Douglas Fairbanks, one of the great founding fathers of cinema, introduced numerous characters to the silver screen – Robin Hood, Zorro, the Three Musketeers, and in this film, he brought the flavor and images of the Arabian Nights to vivid life. The Thief of Bagdad is pure spectacle and lavish production design, held together by Fairbanks’ live-wire and stunt-heavy central performance.

Despite not being the director of this material, Fairbanks feels like the main guiding hand of this production. Great movie stars had a talent for doing this, warping directors and material into their great personas. The outcomes varied, but Fairbanks and director Raoul Walsh crafted something truly magical with The Thief of Bagdad.

Narrative coherence and deep substance is not its main concern, and occasionally the bloated running time does make some of it a little heavy to work through, but the journey is beyond worth it. Fairbanks plays Ahmed, a thief who lives by his wits, who uses a magic rope to steal from the caliph. While pilfering the palace, he spots the caliph’s beautiful daughter, and falls in love. Wanting to see her again, he steals various items to make him appear to be a wealthy suitor. And the plot keeps swirling on, throwing in a Mongol prince plotting to conquer the city, a traitorous slave girl, a flying carpet, a horse with wings, and numerous other set pieces that linger in the imagination.

While the 1940 remake may have streamlined the film’s various plot strands and cohered into a more manageable plot line, that doesn’t mean the original doesn’t hold its own against that highly revered classic. William Cameron Menzies production design is a thing of grandiosity and opulence, creating a magical kingdom which could only exist in the movies. This is probably the strongest selling point of the movie, along with the special effects work that, for the time, were as forward-thinking and seamless as the work in modern films like Gravity.

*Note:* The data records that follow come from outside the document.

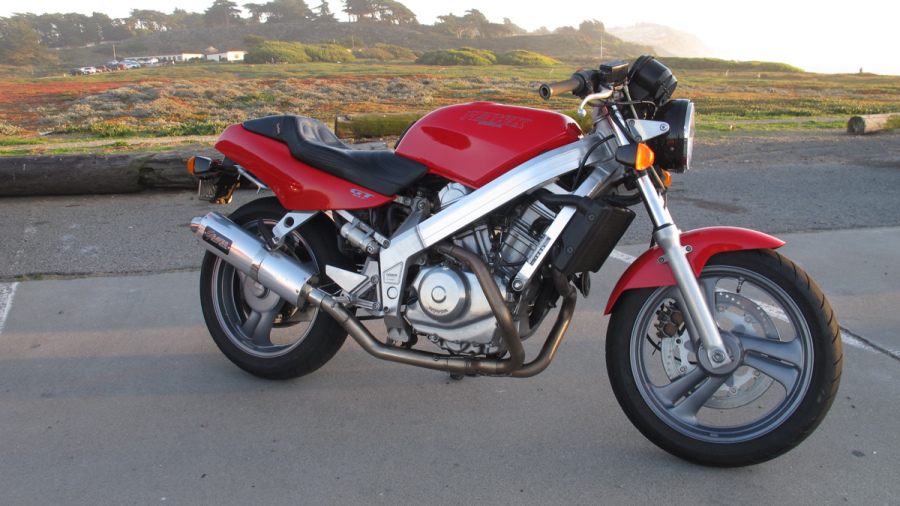 Мотоцикл хонда vt 250- один из наиболее старых дорожных классиков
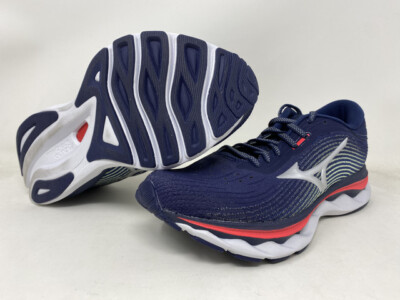 

Женские кроссовки Mizuno Wave Sky 5, бушлат, 7 B(M) США, Peacoat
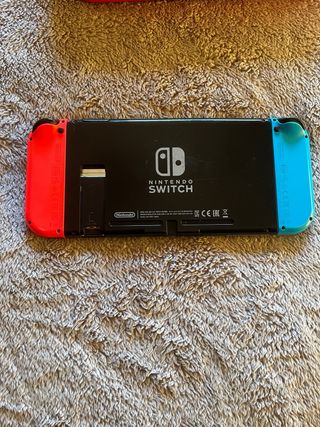 Nintendo Switch con base de carga y funda roja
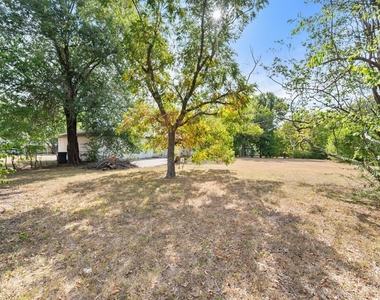 2922 College Circle - Photo Thumbnail 27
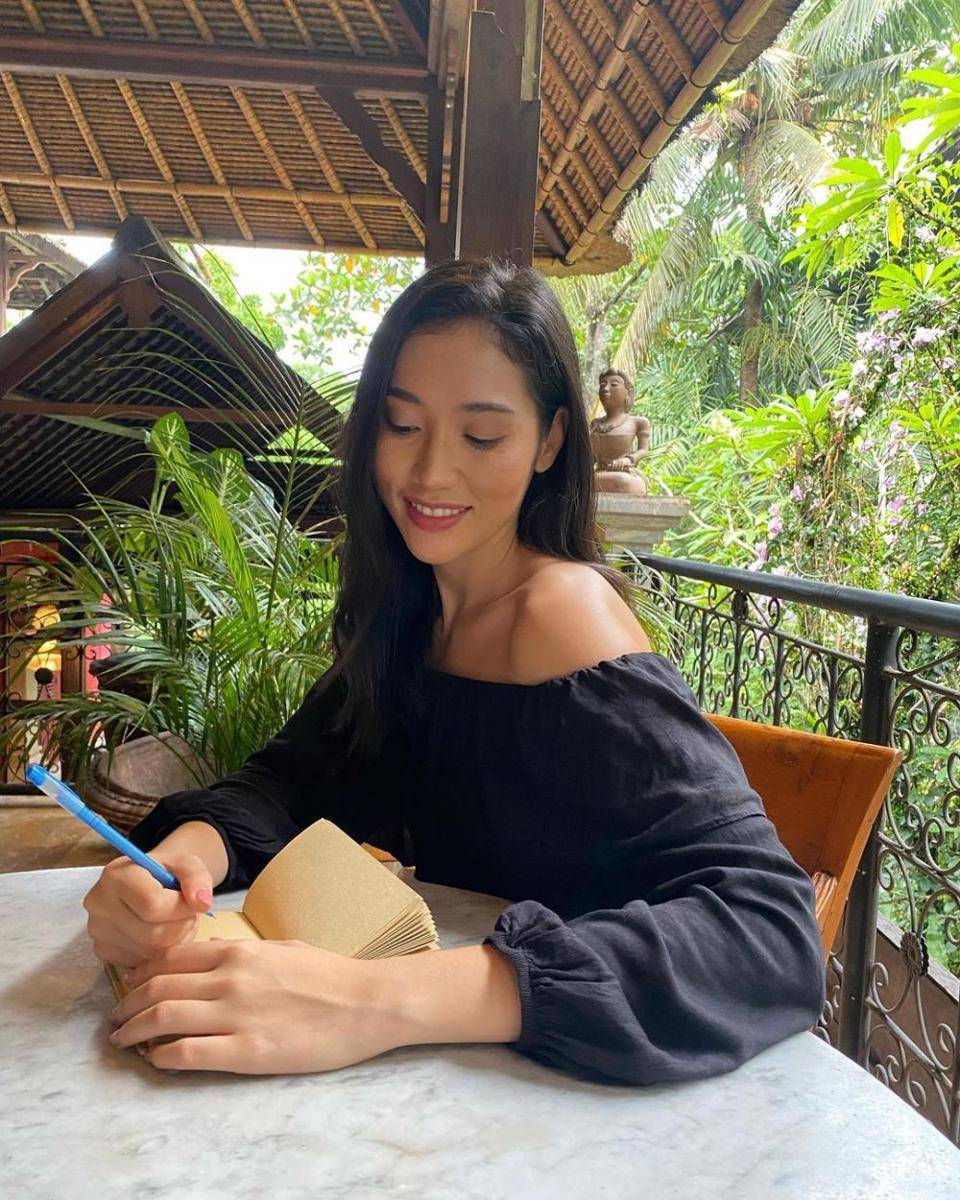 Laksmi Shari De Neefe Suardana (instagram.com/laksmideneefe)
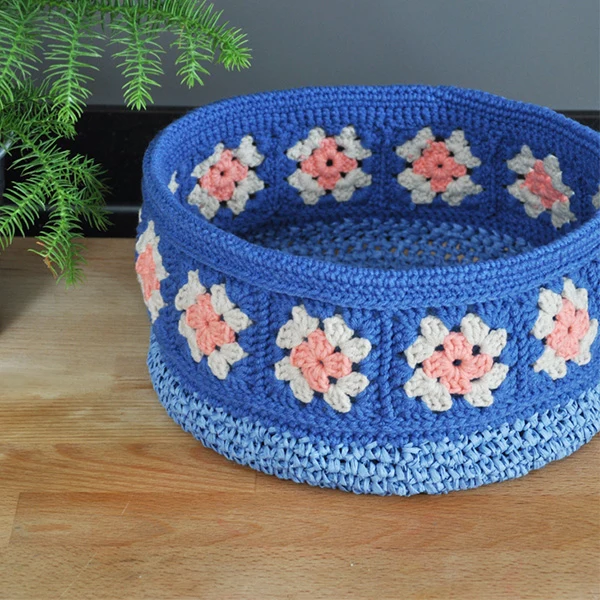 Häkelanleitung für einen Korb aus Granny Squares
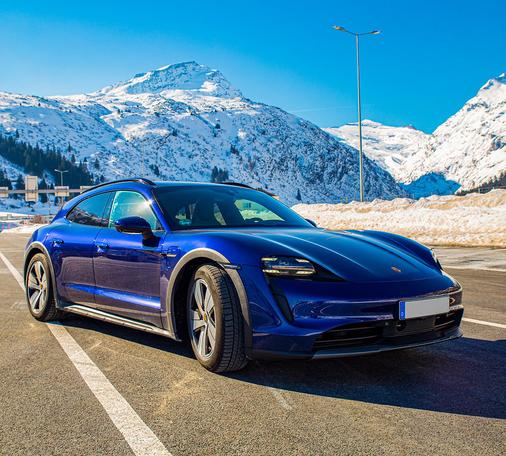 Porsche Taycan 4S Cross Turismo #photography #germany #porsche #auto #car #cars #crossturismo #highlight #porschetaycan #taycan (Flickr 12.02.2022) https://www.flickr.com/photos/7489441@N06/52519255421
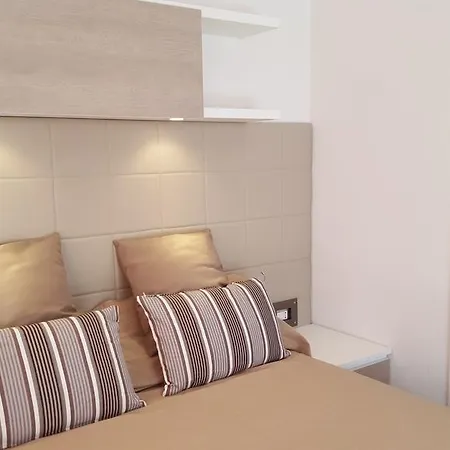 Camping Delle Rose 2*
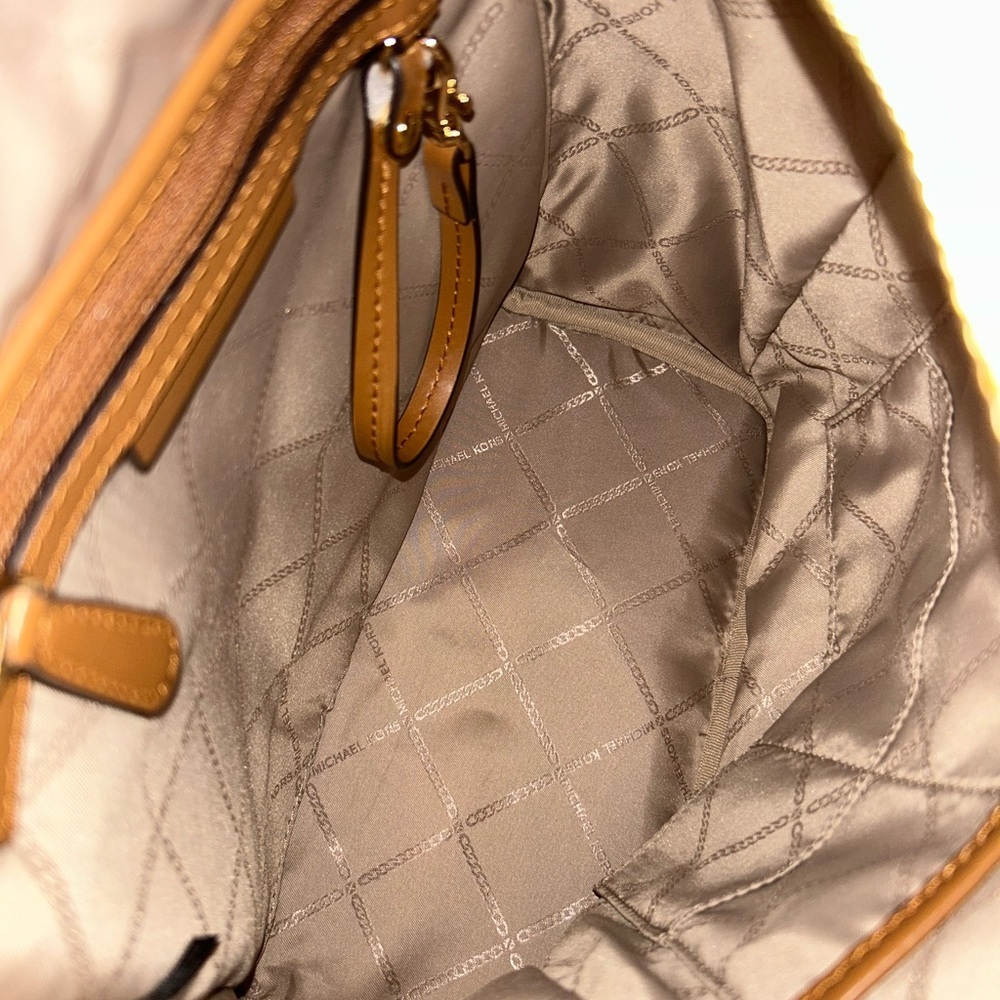 NWOT Michael Kors Rhea logo signature backpack - Picture 9 of 12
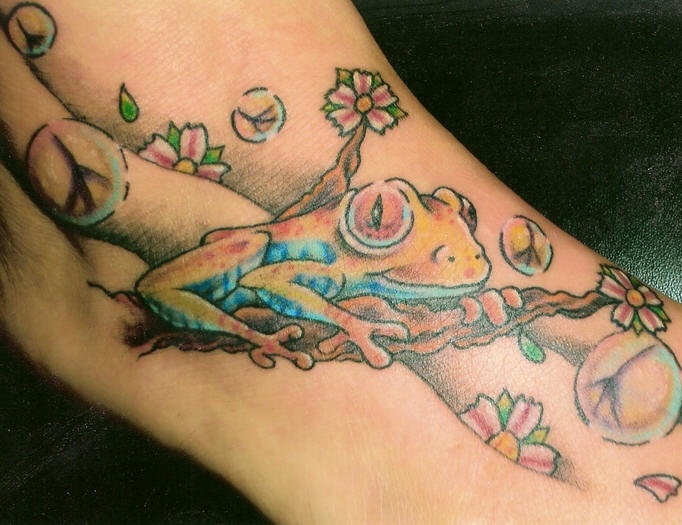 bellissima rana sul albero di sacura tatuaggio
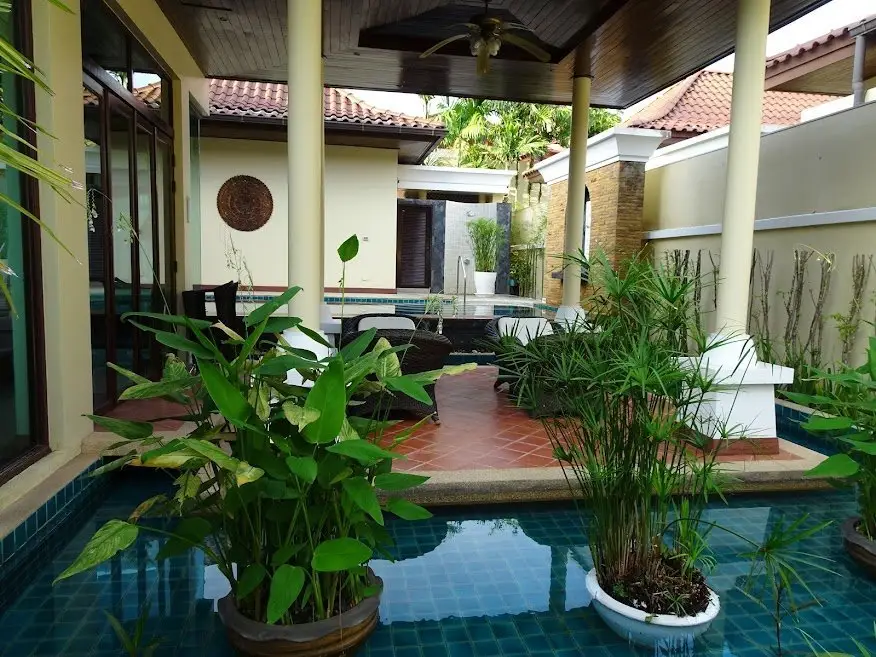 Fashionable 3-bedroom villa, with pool view and near the sea, on Bangtao / Laguna beach — Bang Tao · 2/22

The greatest of all special effects may be Fairbanks’ physicality, as he does daring stunts and feats that often feel like he’s thumbing his nose at gravity and the laws of physics. These things never seem to apply to him, he exists as lightning in human form. He moves with a feline grace in some moments, but in others he bounces around like he’s what would happen if a rubber ball gained sentience and mobility.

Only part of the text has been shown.